22L’on pourrait penser que Taine cherche à discréditer son rival. Toutefois, sa question est beaucoup plus sincère qu’elle n’y paraît à première vue pour un lecteur du xxie siècle. Pour Taine, le mot « hallucination » est parfaitement équivoque, lui-même ne distinguant les « hallucinations vraies » des « hallucinations fausses62 » que par l’existence d’une sensation qui puisse identifier l’image mentale suscitée comme liée ou non au monde extérieur et ainsi « rectifier » l’hallucination. « À proprement parler, écrivait Taine, l’homme est fou, comme le corps est malade par nature ; la raison comme la santé n’est en nous qu’une réussite momentanée et un bel accident63. » Ce que dit Michelet au sujet de la Joconde – et par extension sur la façon dont il pose son regard – pourrait effectivement procéder d’un tel « accident ». Étonner ne signifie pas nécessairement mentir. Il suffirait de croire à sa parole. Michelet n’est donc pas tant avili que devenu prophète ou figure christique par examen sous la plume de Taine, son apôtre sceptique.
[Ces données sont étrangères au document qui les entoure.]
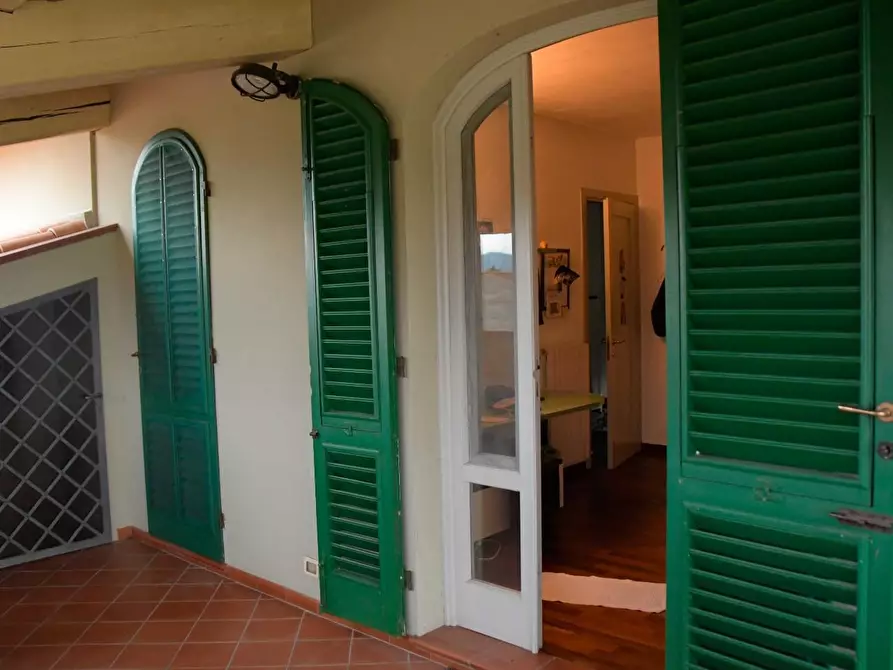 Immagine 49 di Villa in vendita  a Capannori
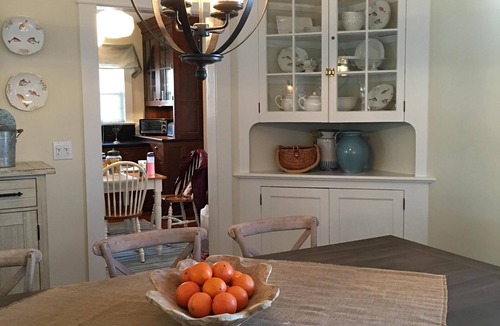 Avon House | CLASSIC BAYHEADER 5 min walk to Beach. 4 Bedrm, Sleeps 8. AUG 22 - 29 AVAILABLE!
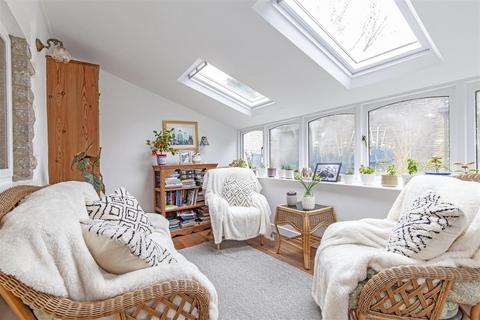 Fields Cottage, 3 Bank View, Tideswell, Buxton, SK17 8LU
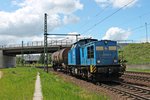 204 033-9 (202 817-3) von der PRESS am 26.05.2015 mit einem Kesselwagen aus Richtung Blauer Brücke beim Umspannwerk in Hamburg Waltershof gen Hafen.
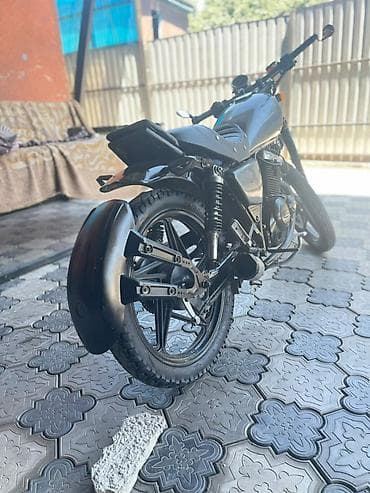 cb 400: Классический мотоцикл Suzuki, 250 куб. см, Бензин, Взрослый, Б/у — 5
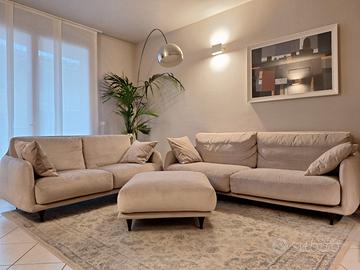 Set 2 divani + pouf coordinato in microvelluto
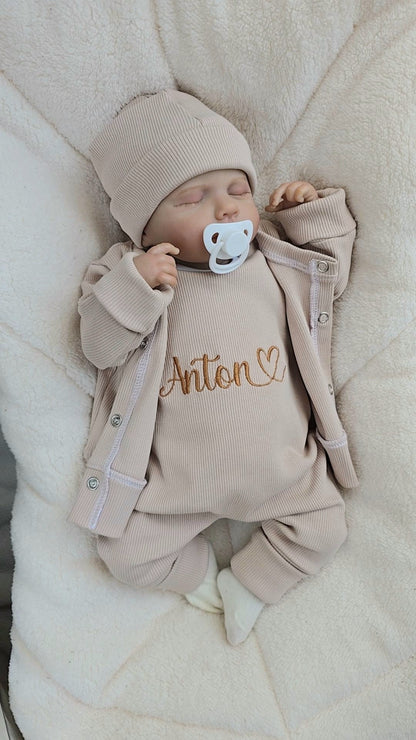 Babyset mit Namen – Strampler & Cardigan aus Ripp-Jersey in Beige, personalisiert, handmade in Deutschland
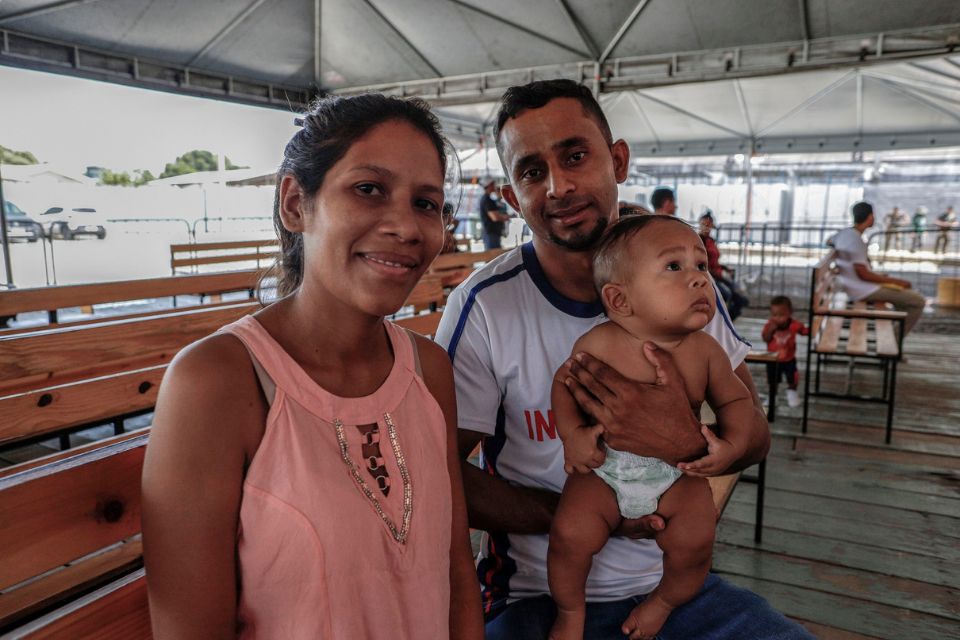 Venezolanos en refugio Brasil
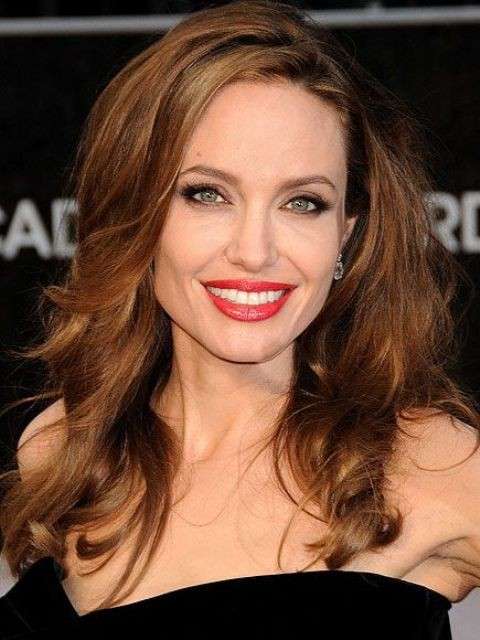 Il rossetto rosso di Angelina Jolie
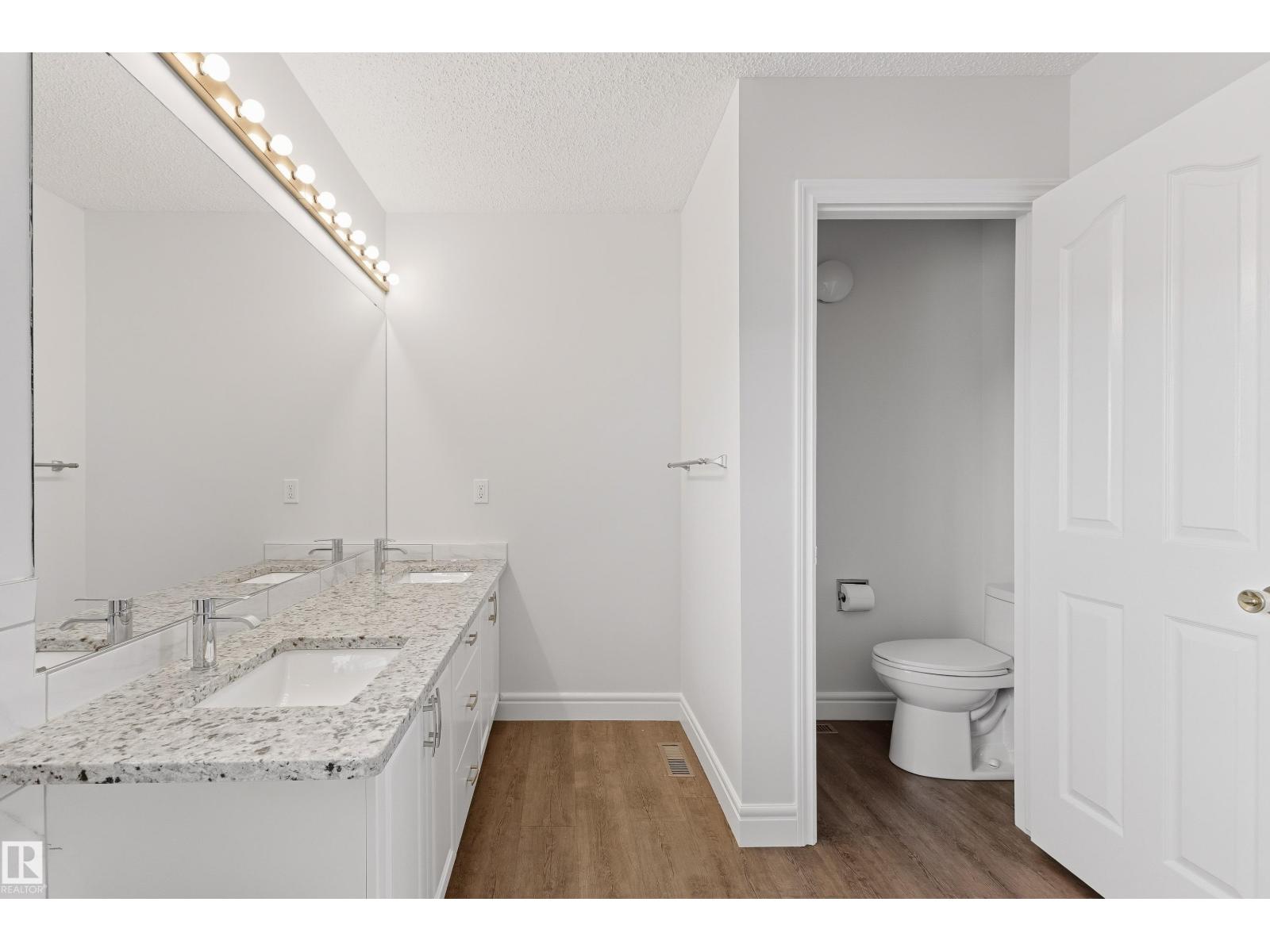 18907 90 Av Nw Nw Property Photo 28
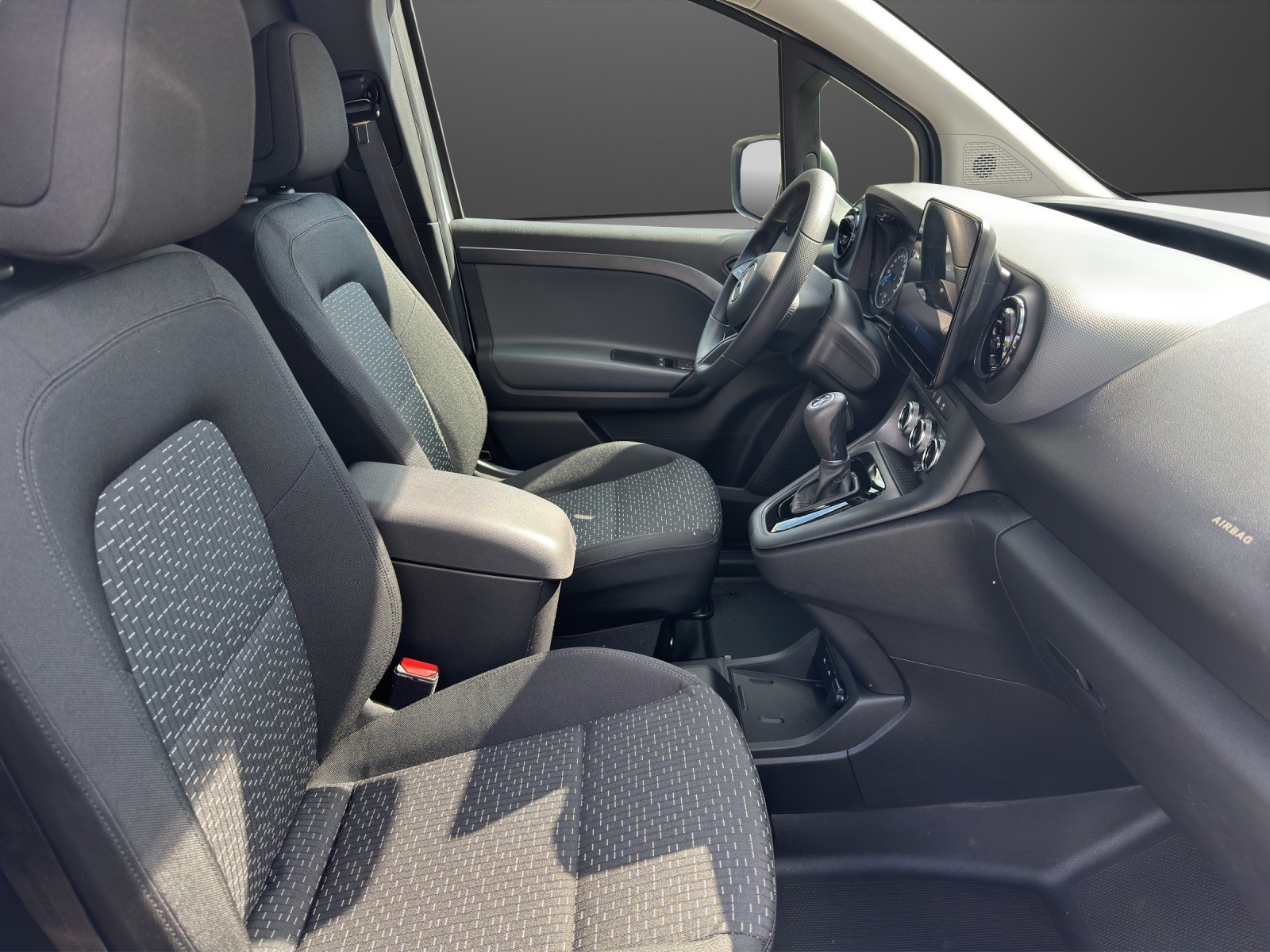 MERCEDES-BENZ eCitan Standard 2716mm S Worker-image-9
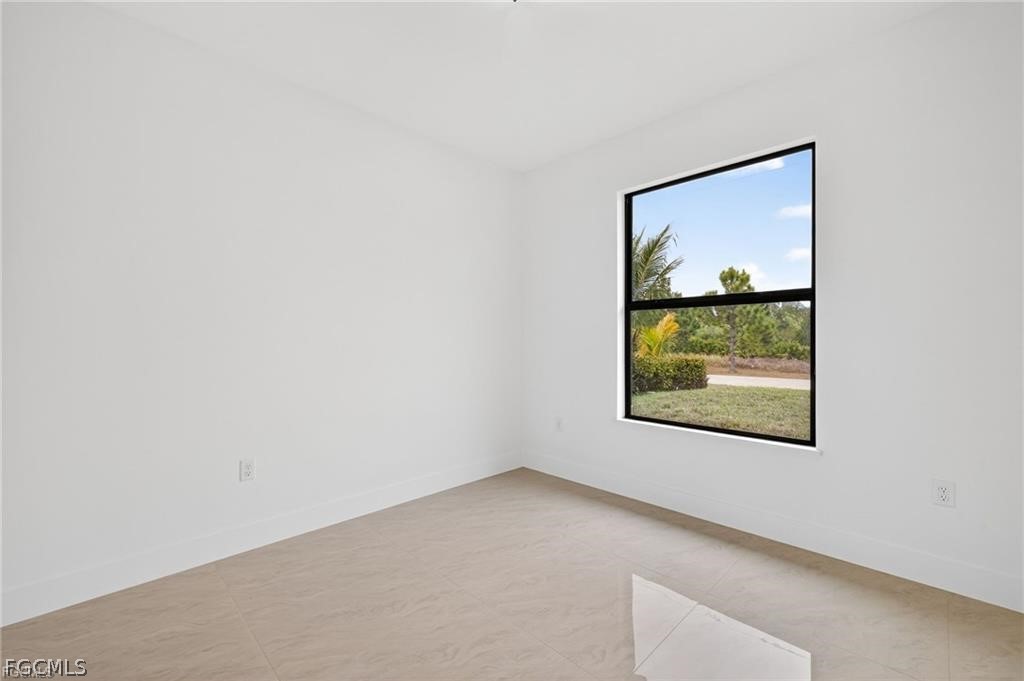 3 Bed SingleFamilyResidence for Sale in Lehigh Acres, photo 21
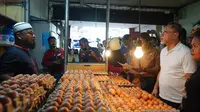 Menteri Perdagangan (Mendag) Zulkifli Hasan meninjau ketersediaan stok dan stabilitas harga barang kebutuhan pokok (bapok) di Pasar Sentral Hamadi, Jayapura, Papua, Selasa (2/5/2023). (Dok Biro Humas Kemendag)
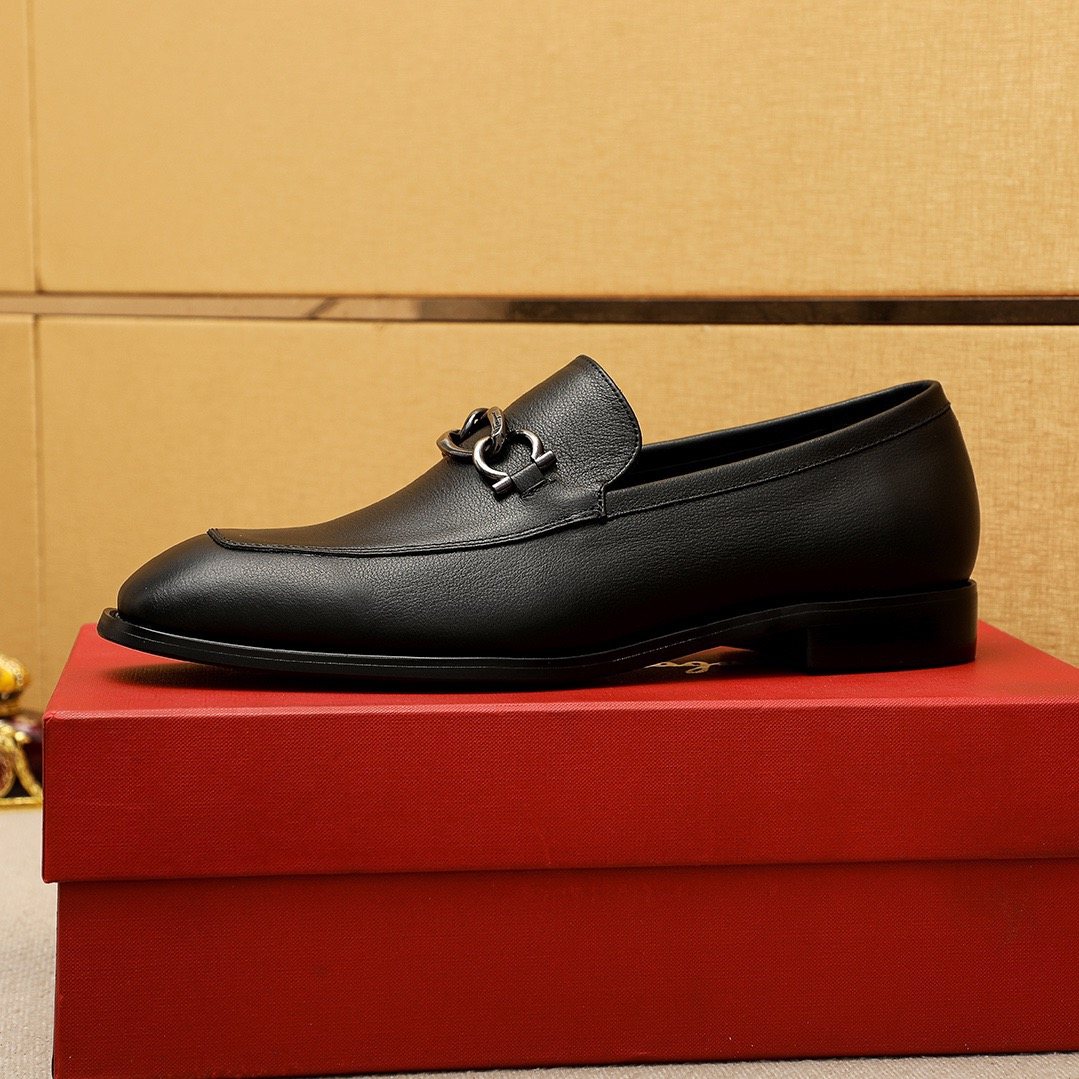 Ferragamo Black Metal Bit Loafers - Rounded Toe
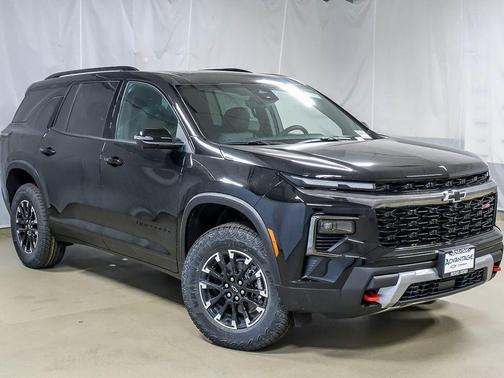 Mosaic Black Metallic 2026 Chevrolet Traverse AWD Z71
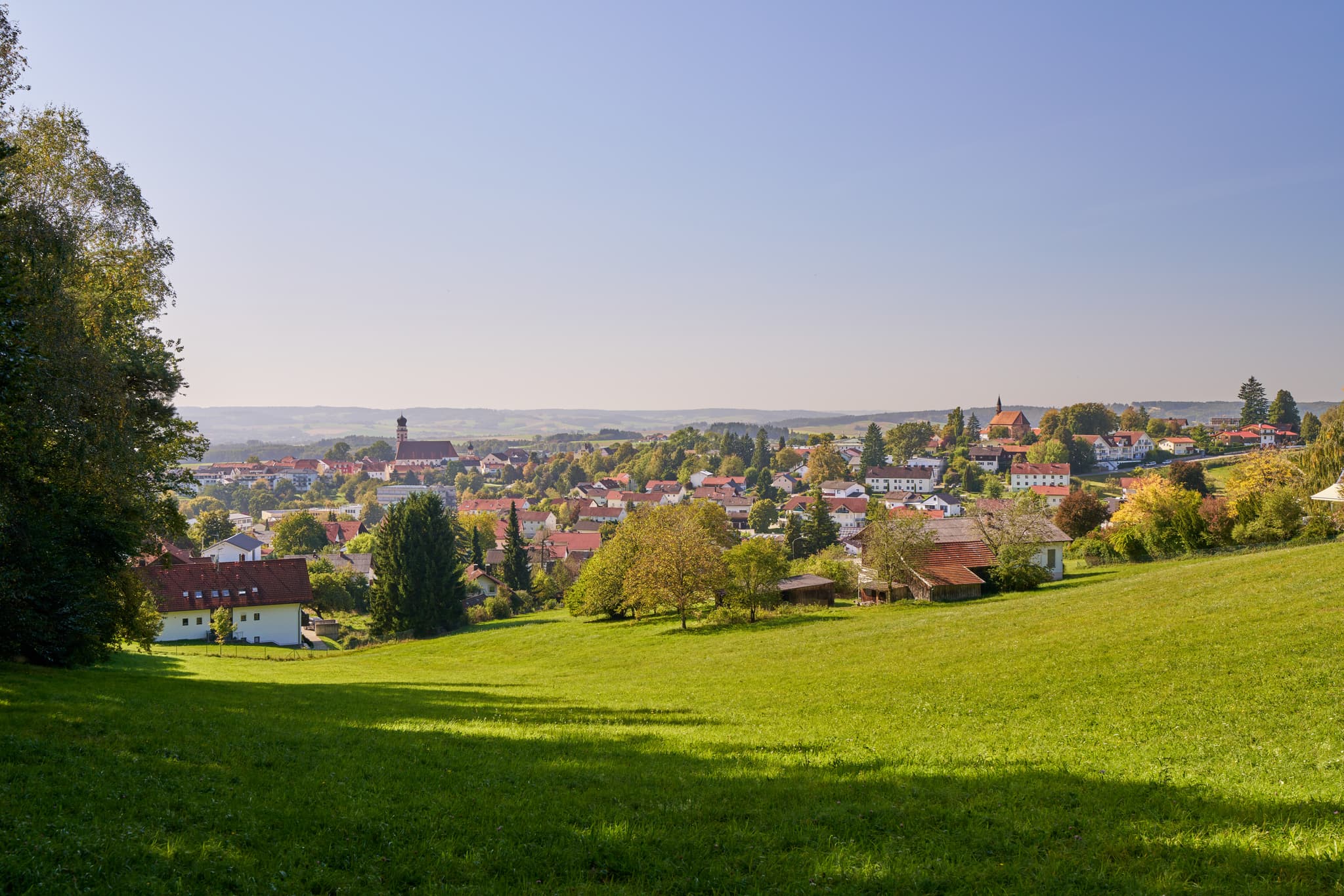 Landschaftsansicht von Bad Griesbach, Stadt im Landkreis Passau, Niederbayern, Bayern, Deutschland. Die Region liegt im Bayerischen Wald.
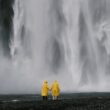 deux-personnes-cire-jaune-cascade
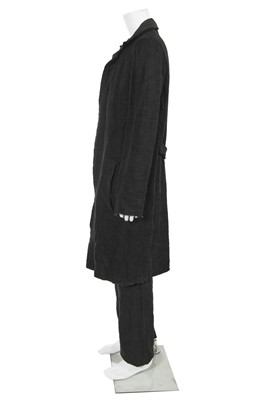 Lot 89 - A Carpe Diem men's black linen coat and trousers, Spring-Summer 2005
23C’est une posture semblable à celle de Michon qui, lui, reconnaît en Michelet « un littéraire », un prophète de sa propre religion. Il reste à donner un sens à « ce que Michelet a vu au bout du pavillon de Flore » : c’est « peut-être l’Histoire en personne, en onze personnes – dans l’effroi, car l’Histoire est une pure terreur. Et cette terreur nous attire comme un aimant64 ». « L’équivoque parfait » du « peut-être » est central : c’est à cause de ce délicat équilibre maintenu par un bel accident de l’Histoire que sa toile exerce une telle attraction. Chez Michon, c’est moins la vérité historique d’une œuvre que la « séduction » de la constellation de « fantaisie[s]65 » qu’elle suscite et qui l’entoure qui compte. Si les événements sont inéluctables, ce sont les « fiction[s] » et les « fable[s]66 » qu’ils nourrissent qui en forment l’écrin, signes de leur valeur. L’objet-Joconde qui au demeurant « n’est qu’une femme rêvant » n’a pas été sélectionné lors du premier accrochage au Louvre : il aura fallu plusieurs regards posés, amplifiés, foudroyés par la multiplication des voix qui fabrique la légende avant que l’œuvre ne soit placée dans la salle des États, la chambre terminale du Louvre, lieu « saint des saints67 » qu’occupe fictivement le tableau des Onze. Pour Michon, la « fulgurance » du dire romanesque qui façonne les objets qu’elle évoque est un « savoir68 » autonome, digne d’être considérée par l’historien au même titre et parfois même davantage que d’autres types de sources.

24Pendant la Terreur, « cette période qui est comme le comble de l’Histoire69 », le silence de Thomas n’est pas possible à l’égard de ce qui est reconnu comme saint. Le même phénomène se produit dans le contexte muséal du xxie siècle alors que les Onze sont placés « sous la vitre blindée de cinq pouces70 ». Paradoxalement, cette glace, cette protection voulue, en cherchant à maintenir une distance objectivante entre le sujet et l’œuvre, ne fait qu’augmenter l’indétermination et la profonde angoisse face à la chose vue. Les dispositifs qui tentent de figer le sens ne font qu’attiser le doute, comme l’indique le narrateur-guide des Onze : « Voyez comme les reflets changent sur la vitre quand on se déplace un peu71 ». Les remparts transparents qu’érige le Louvre forment une étonnante allégorie du désir d’objectivité de l’histoire : nécessaire à la préservation d’un récit historique, l’objectivation ne peut se déployer sans en affecter le sens, minant ainsi sa propre raison d’être. Poussé à l’extrême, elle peut considérablement brimer la liberté de penser, de sentir. Sans kairos permis, sans vision qui en détrône une autre par sa force brute, sans possibilité de s’abandonner dangereusement à l’hallucination comme Michelet, comme l’oiseau va au serpent, l’actuel historien des siècles passés est condamné à ressasser les chatoiements à la surface de la vitre qui protège ses objets.